INSTRUCTIONS FOR THE TASK: I need the number of lines in the data that contain the word "four", and nothing beyond it.

THE INPUT:
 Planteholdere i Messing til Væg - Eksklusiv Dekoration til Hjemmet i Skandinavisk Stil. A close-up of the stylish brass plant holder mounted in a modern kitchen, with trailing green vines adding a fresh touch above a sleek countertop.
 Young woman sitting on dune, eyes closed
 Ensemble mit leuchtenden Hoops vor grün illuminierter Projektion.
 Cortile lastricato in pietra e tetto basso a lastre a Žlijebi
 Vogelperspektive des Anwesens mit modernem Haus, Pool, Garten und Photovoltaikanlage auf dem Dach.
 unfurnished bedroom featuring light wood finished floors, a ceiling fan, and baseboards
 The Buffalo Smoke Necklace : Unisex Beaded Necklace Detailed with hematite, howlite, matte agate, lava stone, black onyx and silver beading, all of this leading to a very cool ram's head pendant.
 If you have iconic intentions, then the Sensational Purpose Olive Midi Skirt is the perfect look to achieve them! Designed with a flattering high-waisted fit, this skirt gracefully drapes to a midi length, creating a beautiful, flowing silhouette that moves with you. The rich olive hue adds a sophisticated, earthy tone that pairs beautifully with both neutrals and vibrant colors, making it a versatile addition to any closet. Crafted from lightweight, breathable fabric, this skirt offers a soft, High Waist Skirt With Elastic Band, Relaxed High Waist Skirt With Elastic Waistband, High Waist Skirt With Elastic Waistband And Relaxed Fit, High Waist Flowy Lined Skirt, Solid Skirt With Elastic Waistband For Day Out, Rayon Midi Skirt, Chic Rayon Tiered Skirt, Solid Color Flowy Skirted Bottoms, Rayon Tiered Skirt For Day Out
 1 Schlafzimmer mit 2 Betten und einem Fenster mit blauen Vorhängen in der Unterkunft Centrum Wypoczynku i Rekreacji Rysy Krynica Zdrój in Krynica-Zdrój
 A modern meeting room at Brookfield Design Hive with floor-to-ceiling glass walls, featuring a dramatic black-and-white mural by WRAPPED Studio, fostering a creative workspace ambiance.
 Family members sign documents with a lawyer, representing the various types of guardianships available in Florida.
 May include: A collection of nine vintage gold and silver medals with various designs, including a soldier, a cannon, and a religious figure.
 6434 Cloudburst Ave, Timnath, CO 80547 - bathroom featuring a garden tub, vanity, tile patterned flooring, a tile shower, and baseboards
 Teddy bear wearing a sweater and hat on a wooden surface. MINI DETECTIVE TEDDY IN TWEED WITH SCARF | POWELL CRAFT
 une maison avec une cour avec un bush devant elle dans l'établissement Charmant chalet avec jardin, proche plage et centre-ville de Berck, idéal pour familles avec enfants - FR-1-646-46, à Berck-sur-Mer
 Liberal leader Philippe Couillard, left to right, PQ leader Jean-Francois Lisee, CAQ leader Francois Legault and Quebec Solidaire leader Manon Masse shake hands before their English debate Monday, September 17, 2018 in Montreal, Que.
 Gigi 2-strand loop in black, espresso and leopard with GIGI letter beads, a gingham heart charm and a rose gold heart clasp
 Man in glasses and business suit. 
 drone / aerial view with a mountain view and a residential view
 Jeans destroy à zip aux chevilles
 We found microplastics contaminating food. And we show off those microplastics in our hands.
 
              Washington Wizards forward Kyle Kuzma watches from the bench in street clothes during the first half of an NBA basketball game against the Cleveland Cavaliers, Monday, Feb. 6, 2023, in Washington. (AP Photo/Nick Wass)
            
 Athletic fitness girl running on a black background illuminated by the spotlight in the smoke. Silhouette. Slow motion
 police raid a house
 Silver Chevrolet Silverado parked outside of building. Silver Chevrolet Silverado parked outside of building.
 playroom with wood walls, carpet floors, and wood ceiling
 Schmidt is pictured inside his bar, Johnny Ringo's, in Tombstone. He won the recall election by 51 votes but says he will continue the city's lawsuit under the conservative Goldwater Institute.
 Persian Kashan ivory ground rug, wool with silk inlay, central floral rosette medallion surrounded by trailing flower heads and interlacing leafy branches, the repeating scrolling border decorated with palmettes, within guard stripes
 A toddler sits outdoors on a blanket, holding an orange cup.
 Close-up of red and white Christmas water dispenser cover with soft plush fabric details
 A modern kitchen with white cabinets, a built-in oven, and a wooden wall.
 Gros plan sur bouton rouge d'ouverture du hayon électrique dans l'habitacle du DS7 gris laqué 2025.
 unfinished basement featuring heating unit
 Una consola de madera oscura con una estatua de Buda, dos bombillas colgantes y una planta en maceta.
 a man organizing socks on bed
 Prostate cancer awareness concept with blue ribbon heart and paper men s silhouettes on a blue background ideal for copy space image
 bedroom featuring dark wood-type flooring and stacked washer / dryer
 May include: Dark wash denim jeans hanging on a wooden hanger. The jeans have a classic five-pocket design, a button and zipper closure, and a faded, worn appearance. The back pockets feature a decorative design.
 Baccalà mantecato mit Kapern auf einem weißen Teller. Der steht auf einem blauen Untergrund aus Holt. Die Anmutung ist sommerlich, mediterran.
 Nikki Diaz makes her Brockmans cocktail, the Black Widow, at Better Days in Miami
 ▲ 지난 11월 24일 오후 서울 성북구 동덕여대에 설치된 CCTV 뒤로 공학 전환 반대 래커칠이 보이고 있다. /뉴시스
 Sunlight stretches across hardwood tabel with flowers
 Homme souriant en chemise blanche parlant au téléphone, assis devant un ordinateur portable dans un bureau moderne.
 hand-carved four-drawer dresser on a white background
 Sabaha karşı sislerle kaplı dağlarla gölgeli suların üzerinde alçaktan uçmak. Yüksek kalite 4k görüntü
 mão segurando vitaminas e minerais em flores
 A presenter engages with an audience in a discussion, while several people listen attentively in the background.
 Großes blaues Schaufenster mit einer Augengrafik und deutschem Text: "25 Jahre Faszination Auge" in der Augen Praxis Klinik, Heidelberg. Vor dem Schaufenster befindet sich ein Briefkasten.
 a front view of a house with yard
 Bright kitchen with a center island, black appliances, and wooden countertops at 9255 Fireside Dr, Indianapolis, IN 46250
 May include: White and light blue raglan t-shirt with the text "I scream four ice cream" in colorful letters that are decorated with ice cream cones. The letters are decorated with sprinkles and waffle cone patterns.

SOLUTION TO THIS PROBLEM: 2